[Deep Learning] Using OpenCV as deep learning inference engine with application to image classification

December 26, 2020 · #Deep Learning #Image Classification #OpenCV #Python

Deep neural networks i.e., dnn module of OpenCV supports models trained using TensorFlow, Caffe and Pytorch frameworks. In order to make the inference from the pre-trained models in OpenCV, the images are first preprocessed using function blobFromImages() or blobFromImage() which will output a blob. This blob is then provided as input to the trained model to get the inference output.

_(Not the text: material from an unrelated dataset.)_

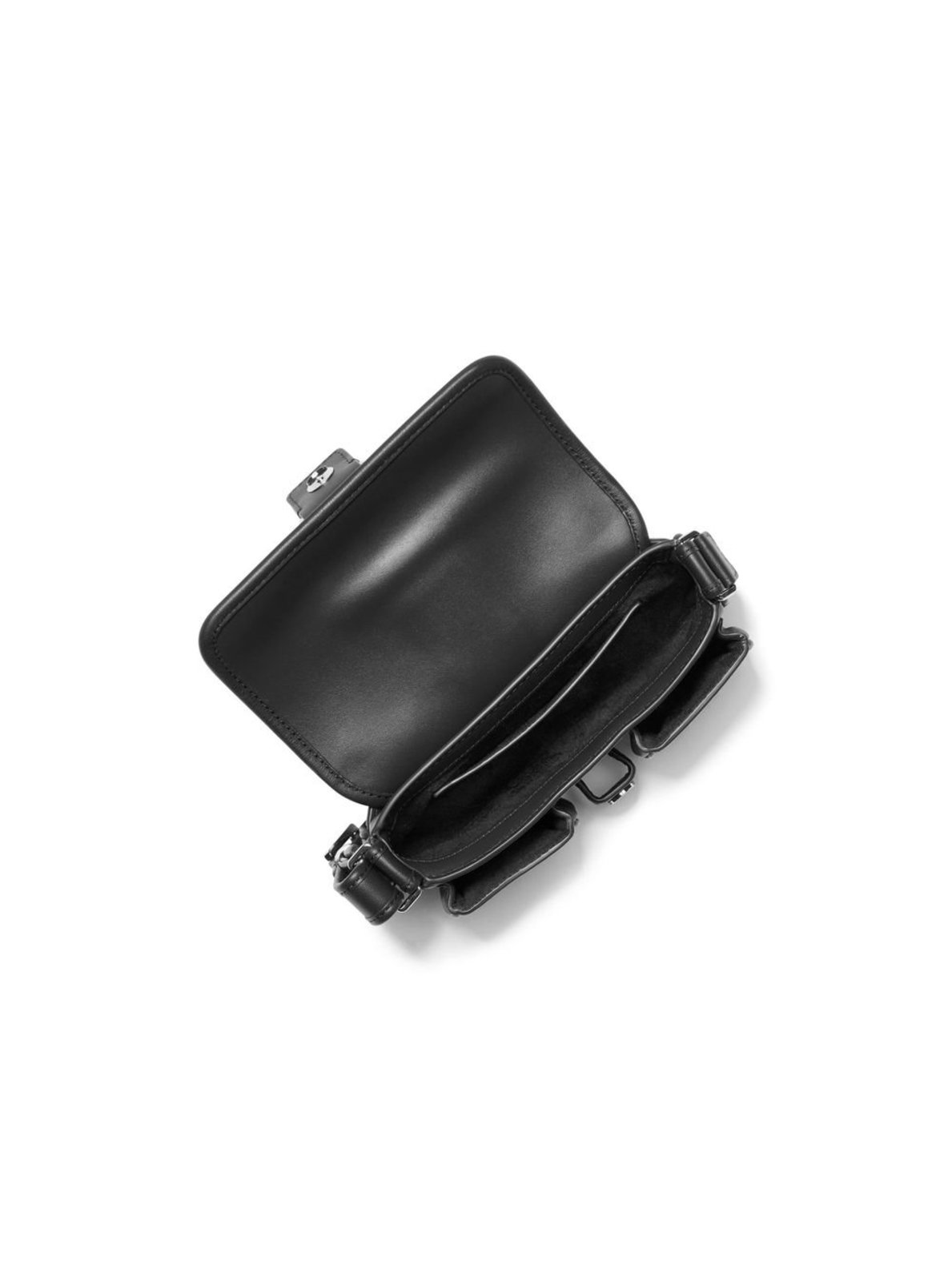 Vista 3 Bolsa De Ombro Colby Mini De Couro 32F4sbau0l001 preto preto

The following functions are useful for our purpose:

net = cv2.dnn.readNetFrom...(...)
blob = cv2.dnn.blobFromImage(...)
net.setInput(blob)
out = net.forword()

For example, if we want to use a Caffe model defined using two files protxt and caffeModel containing information related to the structure of the neural network and the weights of the layers of the neural network, respectively for inference on a single image as input then the sequence of steps to infer the output out would be as follows:

Read the model

cv2.dnn.readNetFromCaffe(protxt, caffeModel)

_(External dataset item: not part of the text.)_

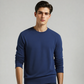 NAVY BASIC SWEAT SHIRT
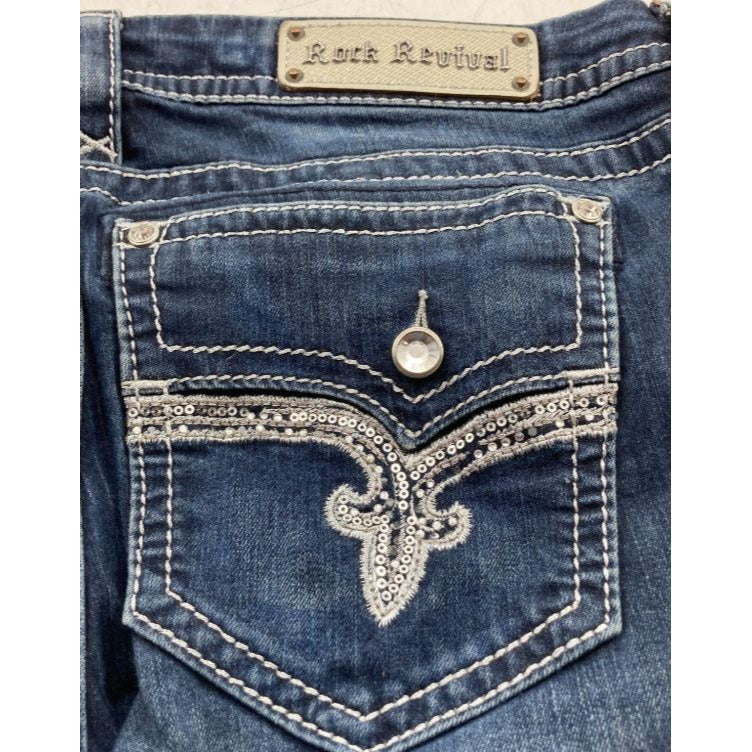 Rock Revival Betty Bootcut Jeans Dark Wash Denim Women's Size 36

Create the four-dimensional blob

blob = cv2.dnn.blobFromImage([image], [scalefactor],[size],[mean],[swapRB],[crop],[ddepth])

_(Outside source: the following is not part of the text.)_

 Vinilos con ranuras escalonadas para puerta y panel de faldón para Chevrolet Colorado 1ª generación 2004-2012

Setting blob as input to the network

net.setInput(blob)

Forward pass through the network

out = net.forward()

Working with blob

The blob in this case is nothing but one or more images of same width, height and number of channels all which have been preprocessed in the same way.

Blob is a 4-D tensor (NCHW) with N: number of image(s), C: number of channel(s), H: height of the image(s) and W: width of the image(s).

Following are the parameters one can use with blobFromImage() or blobFromImages() function.

Image classification using OpenCV dnn module

In this section,we will demonstrate the use of OpenCVs dnn module as deep learning inference engine. We will use this for the image classification task using pre-trained Caffe model namely BVLC GoogleNet trained on the famous ImageNet dataset containing 1000 classes. The classes available in the ImageNet dataset can be viewed using synset_word.txt file showing unique id of the class and multiple synonymous words describing that class.

As part of the classsification task, let us read the image to be classified which contains mountains, hills etc.

The preprocessing code before inference part looks as follows:

This file shows the use of OpenCVs dnn module as deep learning inference engine. We will use this for the image classification task using pre-trained Caffe model namely BVLC GoogleNet trained on the famous ImageNet dataset containing 1000 classes.
'''
import numpy as np
import cv2

# Read the image
image = cv2.imread('./images/mountain.jpeg')

# Read the synset_words.txt file
all_rows = open('./model/synset_words.txt').read().strip().split('\n')
print(type(all_rows)) # it's a list
# Using list comprehension to drop ids
classes = [r[r.find(' ')+1:] for r in all_rows]
print(len(classes)) # verify there are 1000 classes

Next we need to implement the inference part using following steps:

Reading the model
Creating the four-dimensional blob
Setting blob as input to the network
Applying forward pass through the network to get the output

Reading the model

The model that we are going to use is the Caffe model trained on 1000 classes of the ImageNet dataset which is available freely at model zoo.

The model is defined using two files with .prototxt and .caffemodel extensions, respectively.

The model is read as follows:

net = cv2.dnn.readNetFromCaffe('./model/bvlc_googlenet.prototxt','./model/bvlc_googlenet.caffemodel')

The next step is to create a 4-D blob which is used as input to the model.

Creating the four-dimensional blob

The requirements for the input blob to the network can be obtained from the prototxt file which looks as follows for this model:

The red reactangular box shows specifications of the input blob.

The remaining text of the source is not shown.